8th grade? Prob wasn’t the pandemic. They likely went to an elementary school that used Lucy Calkins only for ELA. They would’ve been in 5th when pandemic came, so my guess is they weren’t taught how to write in k-5 like they should have. It’s common in the schools that only used Calkins. Most are waking up to the fact that that curriculum ruined reading and writing for many kids and are moving away from it.
Anonymous
Anonymous wrote:
Anonymous wrote:if they are tiny it is not relevant (except socially) its the high schoolers who really suffered.


No, the parents who never parented suffered.


well personally I can't teach algebra or trig, so sure you've got me!
Anonymous
PP-

I taught in DMV area for a year. The schools were very different from where I had student taught. They did not teach spelling or grammar, did not teach phonics, did not have textbooks, did not allow me to call on students to read out loud as a class or do red pen corrections on drafts as they said it would hurt their feelings.

I am now a substitute back in a very nice school district in MA. Kids have workbooks and textbooks. Teachers get the teacher edition. Parents volunteer to come in and make copies for the teachers, but they don’t even need as many as in DMV area since they have are provided with resources like textbooks and workbooks. They have weekly spelling tests. I’ve been in kindergarten classes where the kids are learning a sentence starts with a capital and has end punctuation, something many of the advanced fourth graders in DMV area did not seem to know (bc the schools did not want teachers teaching how to write explicitly, they just wanted kids to write without being taught how to do so). The kids where I am now do read aloud as a class where teachers call on kids, do pop corn reading, or pull a name from a cup. They do remind kids they can pass and I believe this is because there are always a few students who struggling with reading and may be too anxious to read for the class but I haven’t seen many kids ask to pass. I think it’s good they have that option but even some who see a reading specialist and struggle go for it when it’s their turn. I’ve seen first graders write a paragraph and in 5th they do a five paragraph essay. They have reading anthologies. It’s a lot like when I was a kid in the 90’d and a lot like where I student taught.

When I taught in DMV area I had a lot of admin and fellow teachers almost pick on me for asking about textbooks and spelling tests. I had an admin ask why I wanted to be a teacher if I wanted a set curriculum to follow. It honestly really soured teaching for me. I did some long term subbing back home then worked an office job. The office job paid less than teaching but I’m still not sure I’d want to go back to teaching full time, so I’m just subbing to decide. I really do like the way the district I’m in right now does things. It’s a very wealthy area so I think parents can be a bit demanding, but teachers seem to have a great work life balance and they are paid very well.

I got off topic, but I’ve been in schools that only use Calkins for ELA and usually those kids cannot write. They just don’t know how and many teachers realize Calkins isn’t effective but have people above them telling them that’s the style they need to use to teach ELA and they cannot supplement by adding in things like spelling or dictation.
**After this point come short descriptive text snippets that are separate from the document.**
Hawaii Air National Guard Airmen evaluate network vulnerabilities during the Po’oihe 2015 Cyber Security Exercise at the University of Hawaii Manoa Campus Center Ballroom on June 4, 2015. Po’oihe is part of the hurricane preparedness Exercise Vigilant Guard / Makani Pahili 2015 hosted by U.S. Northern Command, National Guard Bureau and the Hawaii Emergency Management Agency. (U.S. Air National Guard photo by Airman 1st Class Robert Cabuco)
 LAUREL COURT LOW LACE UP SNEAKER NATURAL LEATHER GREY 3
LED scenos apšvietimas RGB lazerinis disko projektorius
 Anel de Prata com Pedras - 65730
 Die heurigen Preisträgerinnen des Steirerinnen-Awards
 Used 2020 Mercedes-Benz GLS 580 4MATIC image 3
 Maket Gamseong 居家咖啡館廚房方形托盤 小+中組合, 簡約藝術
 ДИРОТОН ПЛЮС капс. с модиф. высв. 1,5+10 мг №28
Which reminds me that where I sub now, even the first graders do dictation.

I don’t think the pandemic is the issue for these eighth graders. I honestly bet they’re victims of a school district that used Calkins or something like it for k-5, so they will likely always struggle with writing. They just never learned what a paragraph is or what to capitalize. Never had spelling tests or learned phonics. It’s sadly happened to many kids in this country, but luckily many districts are moving away from it or at least allowing teachers to supplement.